Question

julissa is running a 10 - kilometer race at a constant pace. after running for 18 minutes, she completes 2 kilometers. after running for 54 minutes, she completes 6 kilometers. her trainer writes an equation letting t, the time in minutes, represent the independent variable and k, the number of kilometers, represent the dependent variable. which equation can be used to represent k, the number of kilometers julissa runs in t minutes? \\(k - 18 = \frac{1}{9}(t - 2)\\) \\(k - 2 = 9(t - 18)\\) \\(k - 18 = 9(t - 2)\\) \\(k - 2 = \frac{1}{9}(t - 18)\\)

Explanation:

Step1: Find the slope (rate)

The slope \( m \) between two points \((t_1, k_1) = (18, 2)\) and \((t_2, k_2) = (54, 6)\) is calculated as \( m=\frac{k_2 - k_1}{t_2 - t_1}=\frac{6 - 2}{54 - 18}=\frac{4}{36}=\frac{1}{9} \).

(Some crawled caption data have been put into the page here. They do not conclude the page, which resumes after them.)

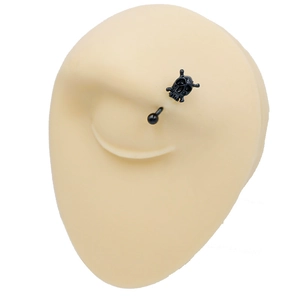 Hip hop black skull eyebrow ring piercing on eye model with stainless steel curved barbell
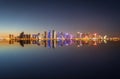 Wide panoramic view to the illuminated skyline of Doha in Qatar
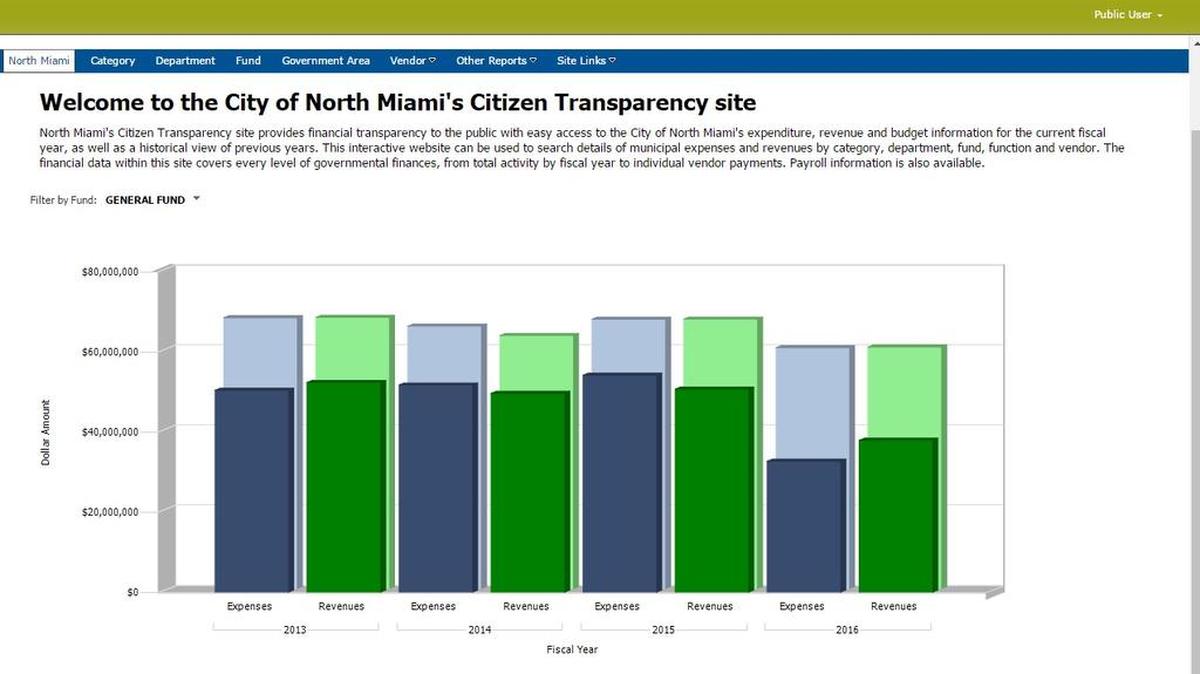 A screengrab of the landing page for North Miami’s citizen transparency portal.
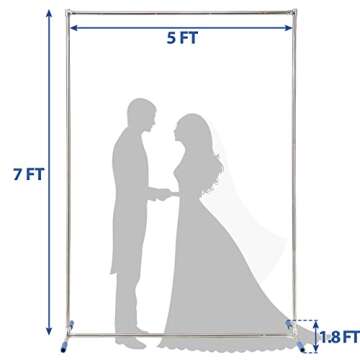 Wedding Arch, 7x5FT Arch for Wedding Ceremony with Support Feet Base, Square Metal Stand Frame for Wedding, Party, Bridal, Garden, Outdoor, Rectangle Archway for Balloon Decoration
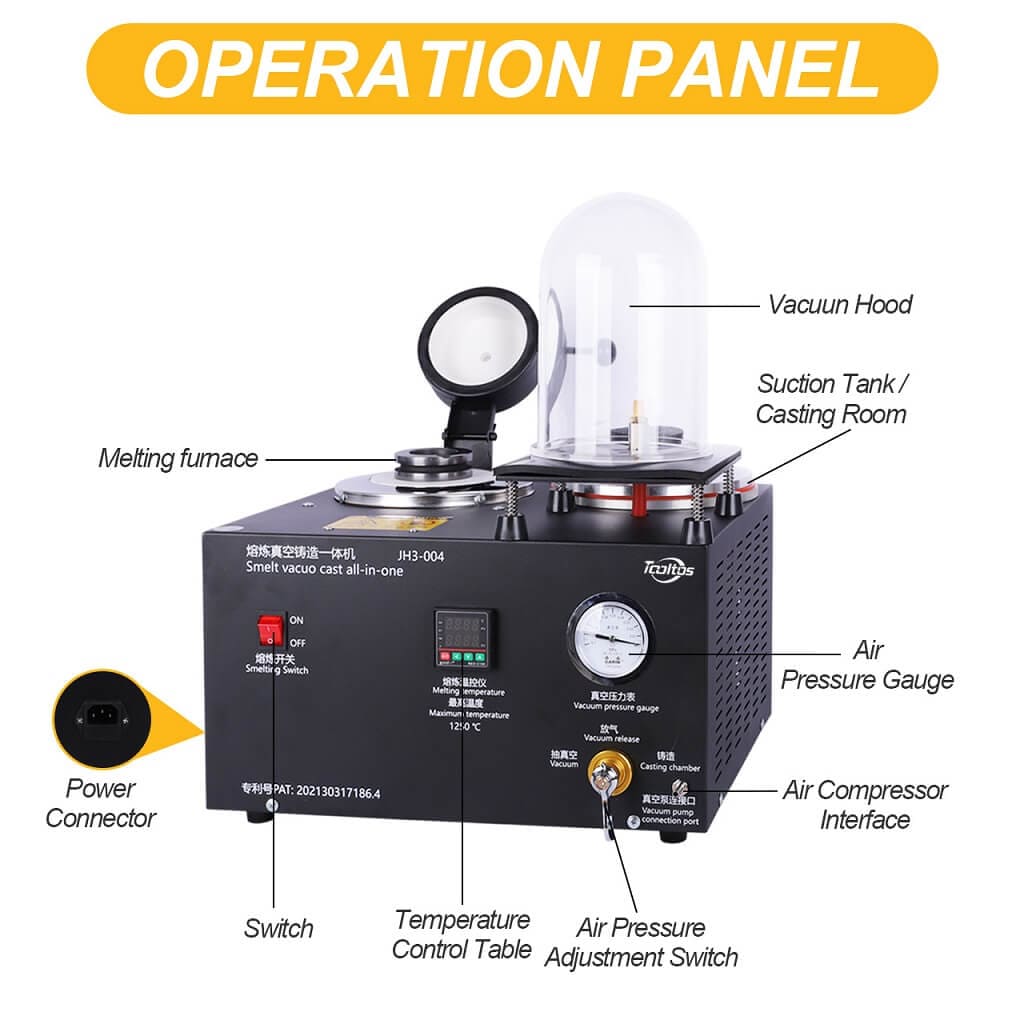 Tooltos Jewelry Tools Tooltos Digital Display Jewelry Casting Vacuum Melting Machine
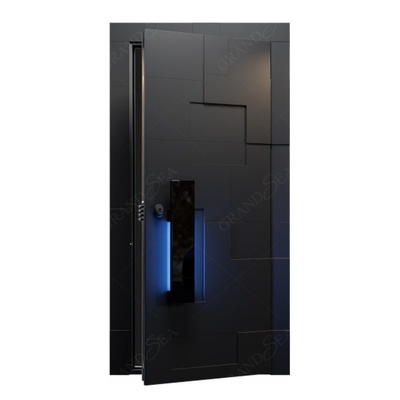 European Luxury House Front Modern Pivot Doors with Long Handle Wooden Entrance Door Modern Villa Main Door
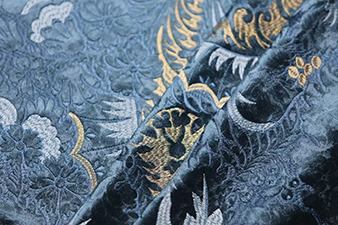 JBL In-Stock High-Quality Exquisite European Style Embroidery Curly Grass Pattern sa High Quality Velvet Fabric para sa Curtain
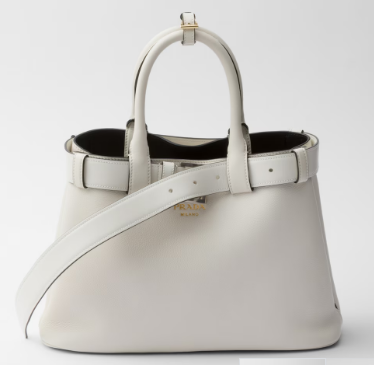 Prada Buckle medium leather handbag with belt 1BA434 White&Black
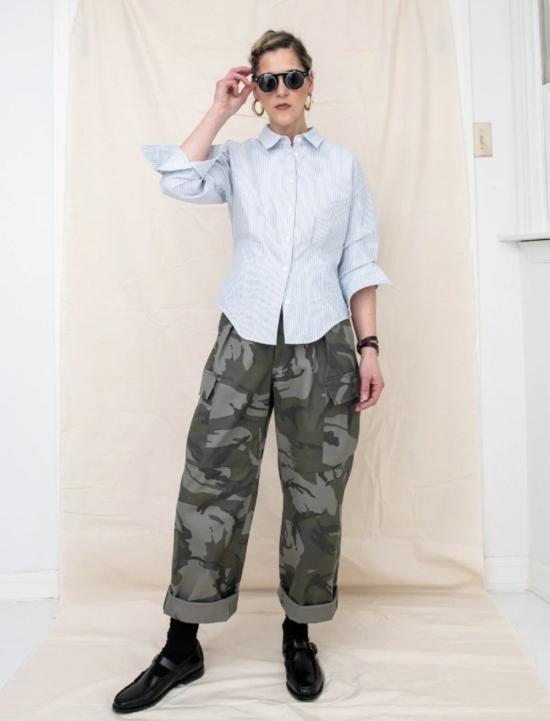  Heather Harlan 셔츠 헤더 할런 웨이스트 옥스포드 버튼 다운 셔츠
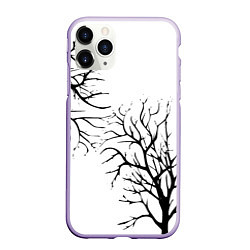 Чехол iPhone 11 Pro матовый Черные ветки деревьев на белом фоне, цвет: 3D-светло-сиреневый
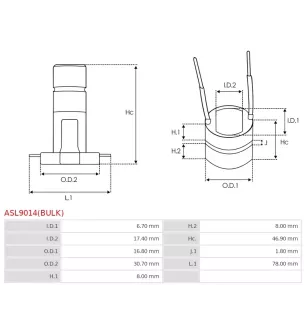 Bague collectrice d’alternateur AS-PL UD02746ASL, CARGO 138441, IKA 1.2089.0, MAGNETI MARELLI 83613401, CASCO CSL30100AS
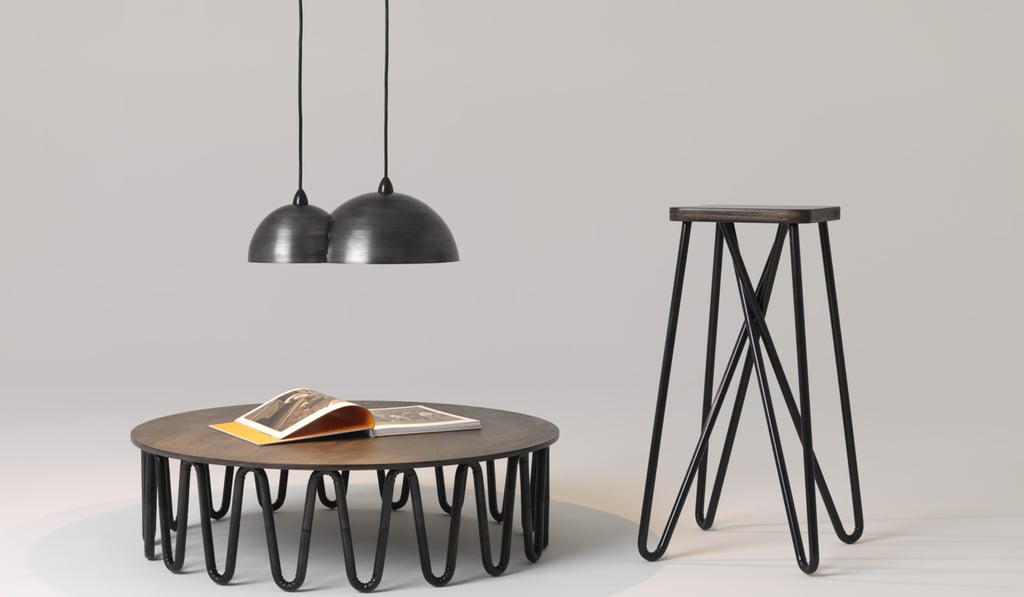 The Cloud lamp, Wrinkle table and Tangle stool by Clark Bardsley. The Cloud lamp, Wrinkle table and Tangle stool by Clark Bardsley.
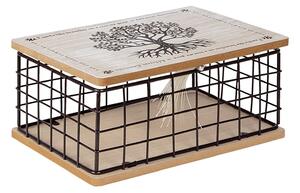 Dreveno-kovový úložný box so stromom a strapcom - 25 * 17 * 11 cm - Clayre & Eef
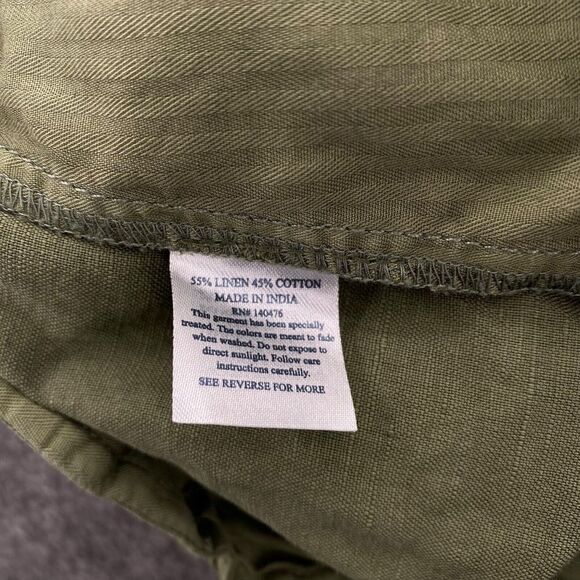 Faherty Men's Flat Front Linen/Cotton Blend Shorts - Moss - 34‎ - Picture 5 of 11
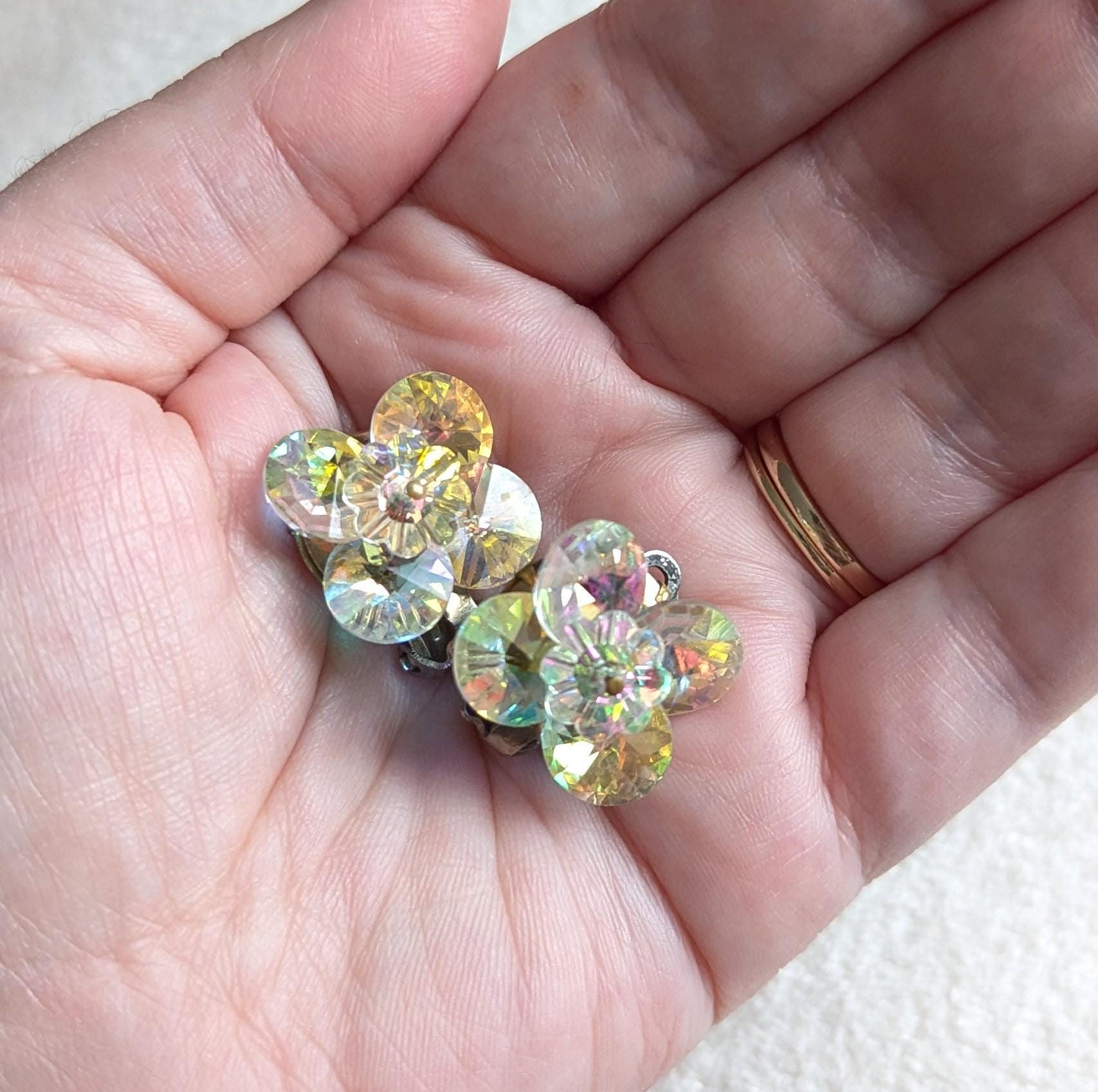Vintage Aurora Borealis Clip-On Earrings – Iridescent Crystal Floral Design, Mid Century Costume Jewelry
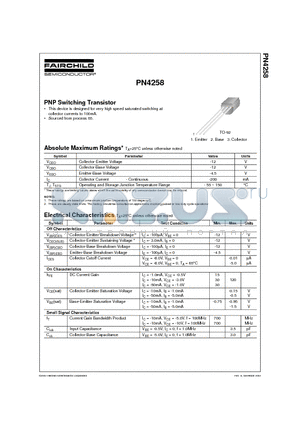PN4258 datasheet - PNP Switching Transistor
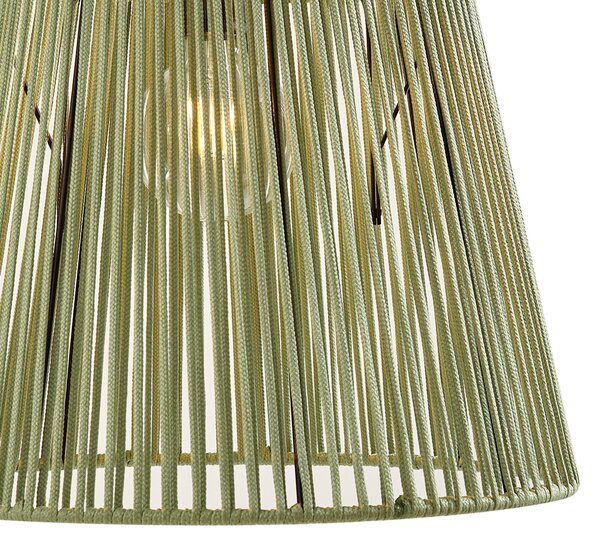 Lampa suspendată de exterior neagră cu abajur din frânghie verde IP44 - Cava Jayla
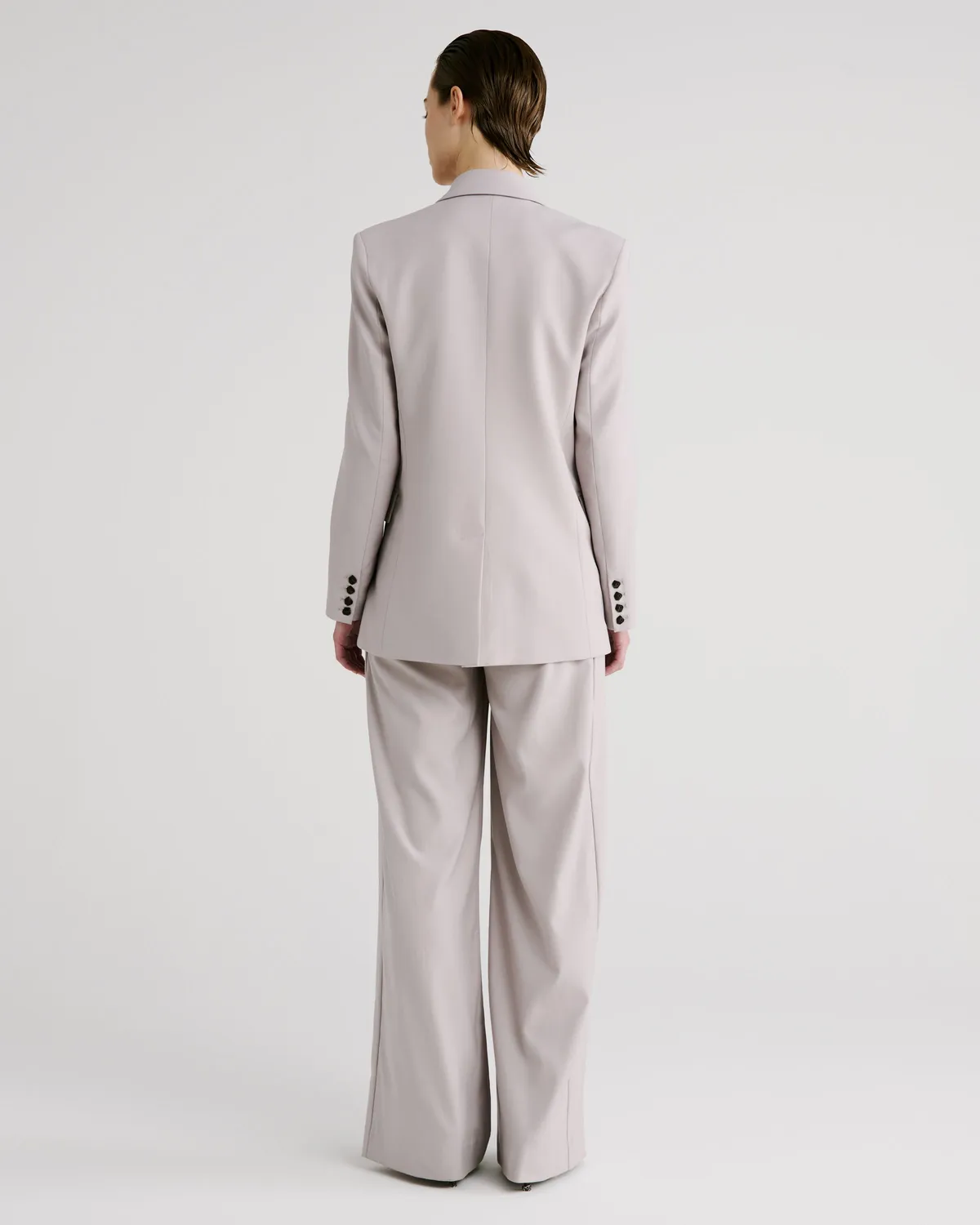 Violante Nessi Sugar blazer doppiopetto taupe crepe lana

Step2: Use point - slope form

The point - slope form of a linear equation is \( y - y_1=m(x - x_1) \). Here, using the point \((18, 2)\) (where \( x_1 = t_1 = 18 \) and \( y_1=k_1 = 2 \)) and \( m=\frac{1}{9} \), we substitute into the formula. Let \( k=y \) and \( t = x \), so the equation becomes \( k - 2=\frac{1}{9}(t - 18) \).

Answer:

\( k - 2=\frac{1}{9}(t - 18) \)